■ Given entries ■
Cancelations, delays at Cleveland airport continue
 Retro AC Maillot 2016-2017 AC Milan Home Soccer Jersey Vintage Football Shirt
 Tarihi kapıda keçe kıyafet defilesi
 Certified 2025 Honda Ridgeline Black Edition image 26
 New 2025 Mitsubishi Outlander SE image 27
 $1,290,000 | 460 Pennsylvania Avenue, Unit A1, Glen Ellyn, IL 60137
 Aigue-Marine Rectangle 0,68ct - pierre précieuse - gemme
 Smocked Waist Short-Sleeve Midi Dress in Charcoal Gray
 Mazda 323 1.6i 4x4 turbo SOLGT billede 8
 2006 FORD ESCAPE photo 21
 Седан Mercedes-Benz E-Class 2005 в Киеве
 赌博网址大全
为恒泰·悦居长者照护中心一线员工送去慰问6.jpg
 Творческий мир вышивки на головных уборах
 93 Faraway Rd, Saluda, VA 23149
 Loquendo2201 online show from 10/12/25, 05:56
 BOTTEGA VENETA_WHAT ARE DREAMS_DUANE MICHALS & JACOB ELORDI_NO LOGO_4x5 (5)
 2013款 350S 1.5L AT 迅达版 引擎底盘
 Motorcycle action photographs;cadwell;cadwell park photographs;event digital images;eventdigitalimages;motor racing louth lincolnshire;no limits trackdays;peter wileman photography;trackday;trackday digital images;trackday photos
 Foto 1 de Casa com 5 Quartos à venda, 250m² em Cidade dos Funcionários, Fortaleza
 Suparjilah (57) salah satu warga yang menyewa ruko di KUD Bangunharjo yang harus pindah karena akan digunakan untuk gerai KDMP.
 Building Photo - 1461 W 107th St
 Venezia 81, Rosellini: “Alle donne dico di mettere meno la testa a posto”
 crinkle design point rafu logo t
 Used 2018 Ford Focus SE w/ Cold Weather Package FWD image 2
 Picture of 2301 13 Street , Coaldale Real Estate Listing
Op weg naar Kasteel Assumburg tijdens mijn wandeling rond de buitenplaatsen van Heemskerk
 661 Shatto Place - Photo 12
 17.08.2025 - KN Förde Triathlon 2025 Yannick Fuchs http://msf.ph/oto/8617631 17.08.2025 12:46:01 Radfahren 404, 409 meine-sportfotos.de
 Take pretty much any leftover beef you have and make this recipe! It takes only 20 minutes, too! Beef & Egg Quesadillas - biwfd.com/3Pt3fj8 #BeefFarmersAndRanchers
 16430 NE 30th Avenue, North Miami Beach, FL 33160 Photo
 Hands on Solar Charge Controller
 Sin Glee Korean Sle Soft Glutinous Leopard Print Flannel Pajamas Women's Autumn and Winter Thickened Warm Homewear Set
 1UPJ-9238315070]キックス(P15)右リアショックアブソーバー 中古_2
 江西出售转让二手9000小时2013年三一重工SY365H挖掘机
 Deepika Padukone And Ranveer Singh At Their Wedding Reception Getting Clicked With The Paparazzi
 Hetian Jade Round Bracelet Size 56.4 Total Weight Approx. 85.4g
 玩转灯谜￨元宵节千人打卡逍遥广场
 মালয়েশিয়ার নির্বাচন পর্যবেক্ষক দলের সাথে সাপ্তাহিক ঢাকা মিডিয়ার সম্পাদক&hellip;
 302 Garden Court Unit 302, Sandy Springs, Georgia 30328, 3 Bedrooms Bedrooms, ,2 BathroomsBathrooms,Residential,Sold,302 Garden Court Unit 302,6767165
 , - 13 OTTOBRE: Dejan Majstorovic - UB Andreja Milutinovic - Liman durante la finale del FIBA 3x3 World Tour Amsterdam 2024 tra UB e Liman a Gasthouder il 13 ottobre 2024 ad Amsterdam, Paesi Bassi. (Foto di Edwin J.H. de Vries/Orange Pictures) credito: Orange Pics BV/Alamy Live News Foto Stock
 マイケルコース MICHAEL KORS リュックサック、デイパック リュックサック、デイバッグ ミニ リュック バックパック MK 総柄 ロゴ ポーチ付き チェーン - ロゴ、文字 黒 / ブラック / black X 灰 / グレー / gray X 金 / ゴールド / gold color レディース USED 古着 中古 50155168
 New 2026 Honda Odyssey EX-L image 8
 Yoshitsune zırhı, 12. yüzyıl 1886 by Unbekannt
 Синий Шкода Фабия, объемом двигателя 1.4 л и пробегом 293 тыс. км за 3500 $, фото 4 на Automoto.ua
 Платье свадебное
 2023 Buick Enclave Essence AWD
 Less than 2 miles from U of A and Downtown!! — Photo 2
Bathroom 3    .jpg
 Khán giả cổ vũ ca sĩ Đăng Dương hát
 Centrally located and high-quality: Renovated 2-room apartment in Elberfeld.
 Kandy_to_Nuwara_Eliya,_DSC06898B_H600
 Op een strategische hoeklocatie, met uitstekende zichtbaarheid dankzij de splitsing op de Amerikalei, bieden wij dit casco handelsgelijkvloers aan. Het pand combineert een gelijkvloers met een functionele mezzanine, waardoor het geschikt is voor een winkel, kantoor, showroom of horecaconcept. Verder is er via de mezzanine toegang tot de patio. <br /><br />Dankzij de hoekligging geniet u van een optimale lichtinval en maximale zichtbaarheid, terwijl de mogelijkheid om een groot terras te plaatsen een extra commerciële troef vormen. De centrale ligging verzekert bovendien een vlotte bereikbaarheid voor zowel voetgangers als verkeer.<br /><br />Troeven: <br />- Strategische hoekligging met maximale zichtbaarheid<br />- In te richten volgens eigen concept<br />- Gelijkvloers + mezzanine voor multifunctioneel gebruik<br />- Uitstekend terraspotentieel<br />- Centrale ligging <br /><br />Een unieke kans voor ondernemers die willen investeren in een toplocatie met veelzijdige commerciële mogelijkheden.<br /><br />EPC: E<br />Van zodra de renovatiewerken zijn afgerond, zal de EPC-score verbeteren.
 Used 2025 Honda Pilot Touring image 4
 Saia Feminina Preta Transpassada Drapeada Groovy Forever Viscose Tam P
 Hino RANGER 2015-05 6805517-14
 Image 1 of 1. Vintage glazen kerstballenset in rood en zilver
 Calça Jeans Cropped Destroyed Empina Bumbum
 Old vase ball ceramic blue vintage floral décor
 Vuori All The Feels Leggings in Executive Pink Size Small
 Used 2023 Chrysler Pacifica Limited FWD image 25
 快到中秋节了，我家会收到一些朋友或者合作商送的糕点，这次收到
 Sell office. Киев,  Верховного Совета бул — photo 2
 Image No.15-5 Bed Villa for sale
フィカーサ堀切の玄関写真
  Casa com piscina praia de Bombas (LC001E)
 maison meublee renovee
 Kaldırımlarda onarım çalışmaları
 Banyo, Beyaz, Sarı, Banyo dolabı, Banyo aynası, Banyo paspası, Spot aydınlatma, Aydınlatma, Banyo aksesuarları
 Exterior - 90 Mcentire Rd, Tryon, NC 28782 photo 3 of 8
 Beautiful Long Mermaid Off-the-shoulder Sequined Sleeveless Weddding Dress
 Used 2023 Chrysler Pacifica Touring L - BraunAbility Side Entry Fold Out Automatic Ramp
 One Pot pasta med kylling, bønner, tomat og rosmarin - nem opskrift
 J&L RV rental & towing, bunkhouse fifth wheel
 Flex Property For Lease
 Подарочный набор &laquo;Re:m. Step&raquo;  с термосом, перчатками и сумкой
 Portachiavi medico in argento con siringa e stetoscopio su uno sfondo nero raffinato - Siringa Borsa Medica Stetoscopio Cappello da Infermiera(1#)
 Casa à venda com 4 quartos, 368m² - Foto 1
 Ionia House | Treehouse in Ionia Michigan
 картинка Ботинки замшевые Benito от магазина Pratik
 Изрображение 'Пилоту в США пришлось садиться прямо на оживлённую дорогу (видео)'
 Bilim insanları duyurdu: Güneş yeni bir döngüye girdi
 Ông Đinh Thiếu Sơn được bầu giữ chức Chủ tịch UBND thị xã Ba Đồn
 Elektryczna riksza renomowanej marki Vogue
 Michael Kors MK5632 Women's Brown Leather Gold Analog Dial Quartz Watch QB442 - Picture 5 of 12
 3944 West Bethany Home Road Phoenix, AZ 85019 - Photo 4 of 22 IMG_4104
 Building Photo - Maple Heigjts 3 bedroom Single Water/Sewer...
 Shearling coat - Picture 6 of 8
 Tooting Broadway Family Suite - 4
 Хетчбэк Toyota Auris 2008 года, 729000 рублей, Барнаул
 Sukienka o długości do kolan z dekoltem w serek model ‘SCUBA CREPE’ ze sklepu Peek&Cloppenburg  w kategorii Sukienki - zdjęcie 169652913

■ Task statement ■
The expected output is every line of the records in which the string "Touring" appears.

■ Exercise answer ■
 Used 2025 Honda Pilot Touring image 4
 Used 2023 Chrysler Pacifica Touring L - BraunAbility Side Entry Fold Out Automatic Ramp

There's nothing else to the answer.